### ENTRIES SUPPLIED
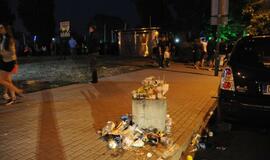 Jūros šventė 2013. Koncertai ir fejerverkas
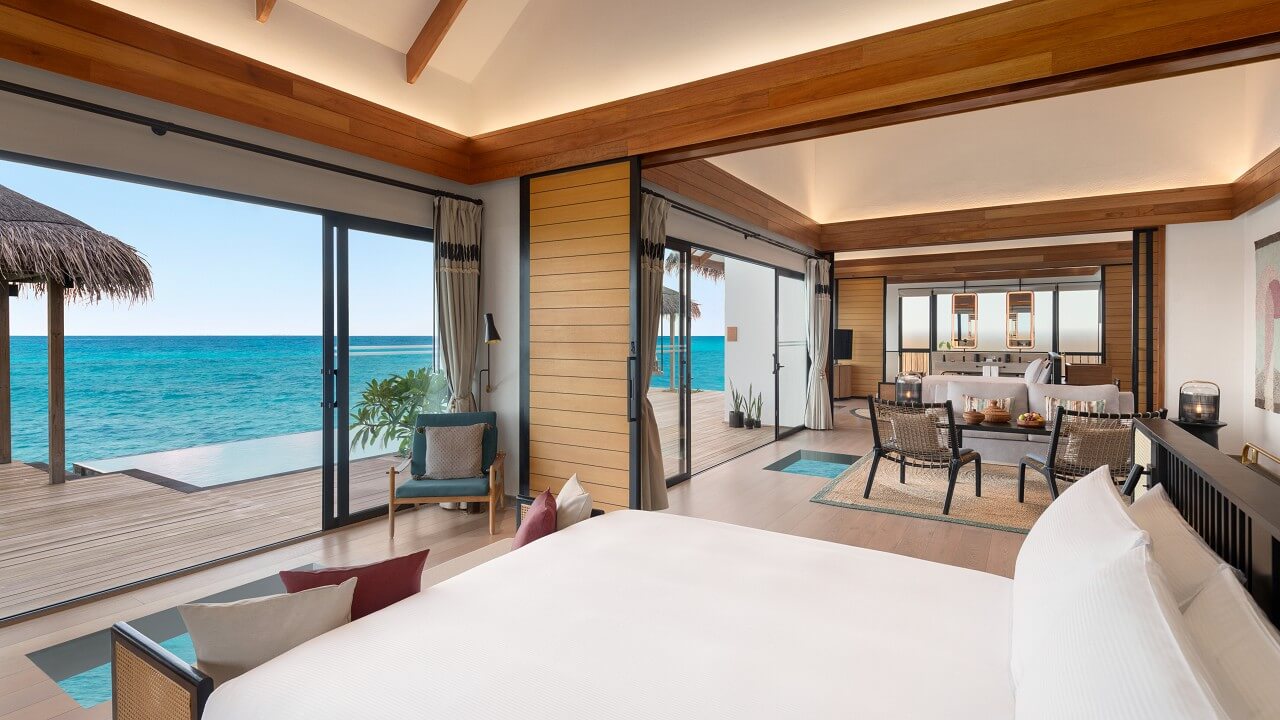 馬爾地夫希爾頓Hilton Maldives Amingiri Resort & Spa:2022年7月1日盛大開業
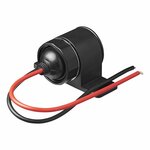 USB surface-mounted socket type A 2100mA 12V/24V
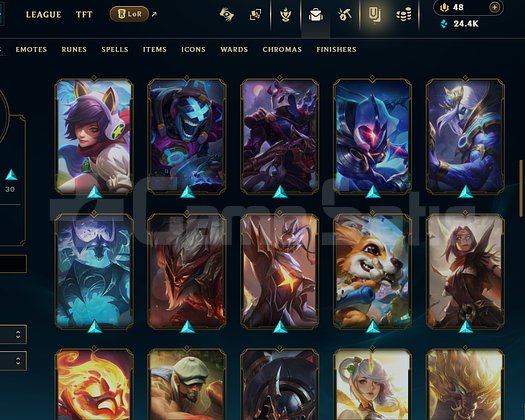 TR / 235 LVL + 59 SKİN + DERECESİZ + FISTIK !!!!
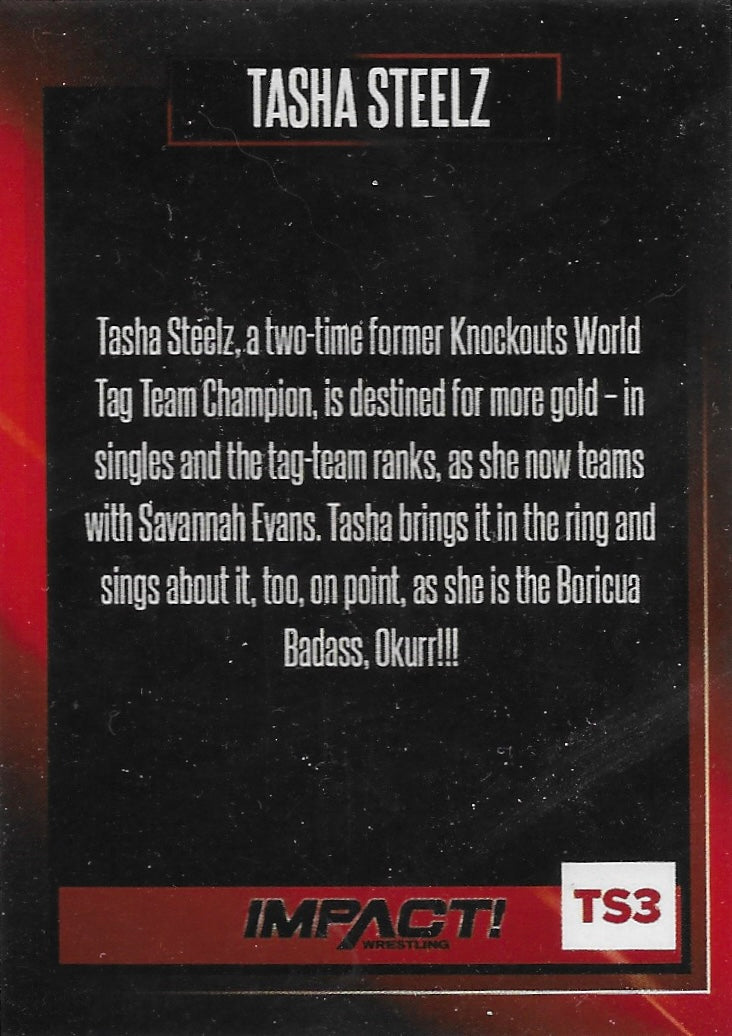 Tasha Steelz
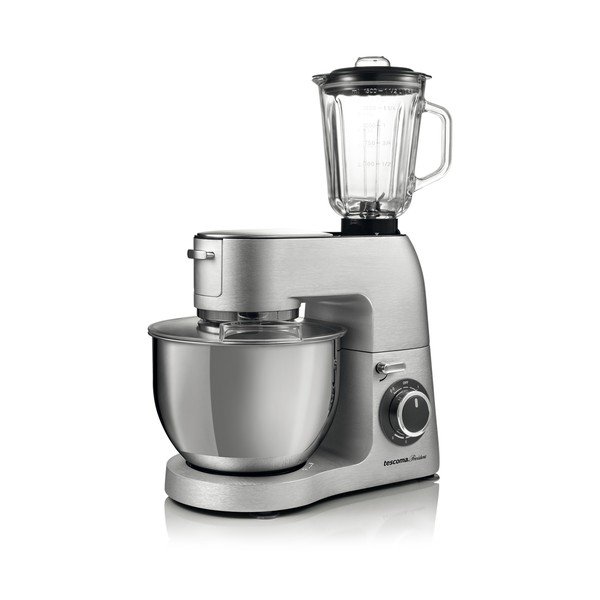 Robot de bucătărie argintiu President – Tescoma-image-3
==
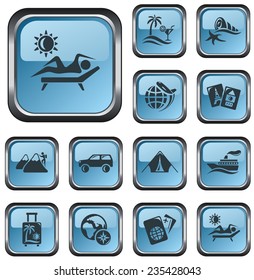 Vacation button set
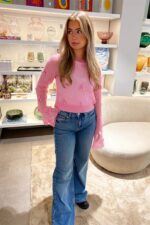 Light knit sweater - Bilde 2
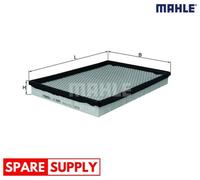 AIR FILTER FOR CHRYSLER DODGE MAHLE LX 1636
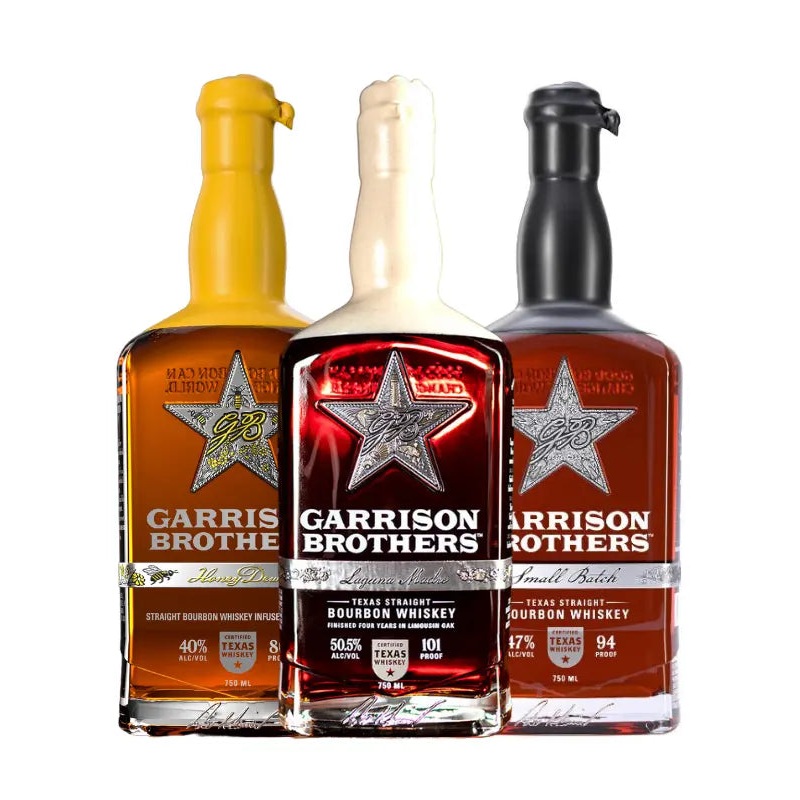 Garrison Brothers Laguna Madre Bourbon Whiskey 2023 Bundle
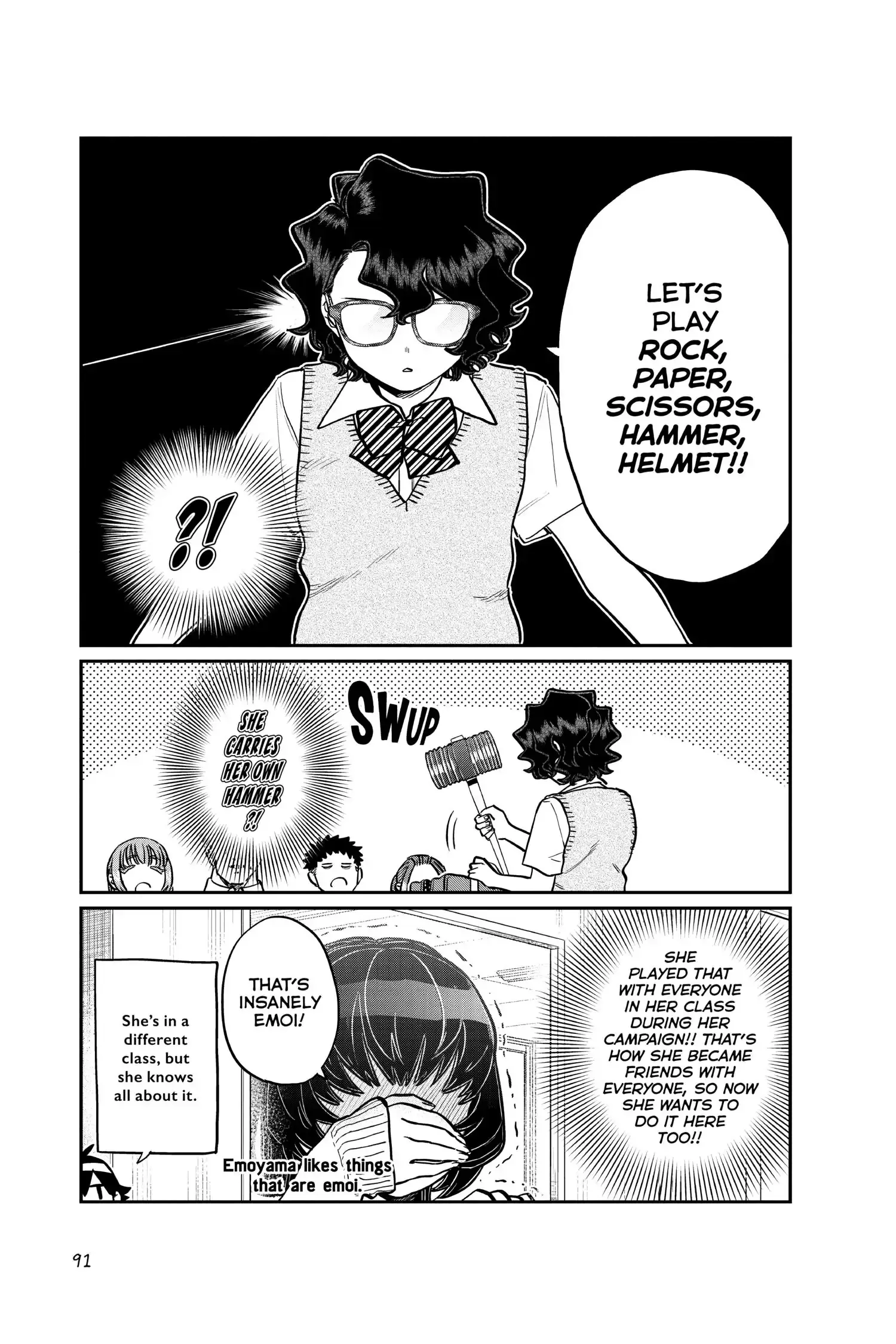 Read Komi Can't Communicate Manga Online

### GOAL OF THE EXERCISE
Print an exact copy of the lines above, from the one containing "Jūros šventė 2013. Koncertai ir fejerverkas" through the one containing "Robot de bucătărie", and leave out the pictures.

### ANSWER BOX
 Jūros šventė 2013. Koncertai ir fejerverkas
 馬爾地夫希爾頓Hilton Maldives Amingiri Resort & Spa:2022年7月1日盛大開業
 USB surface-mounted socket type A 2100mA 12V/24V
 TR / 235 LVL + 59 SKİN + DERECESİZ + FISTIK !!!!
 Tasha Steelz
 Robot de bucătărie argintiu President – Tescoma-image-3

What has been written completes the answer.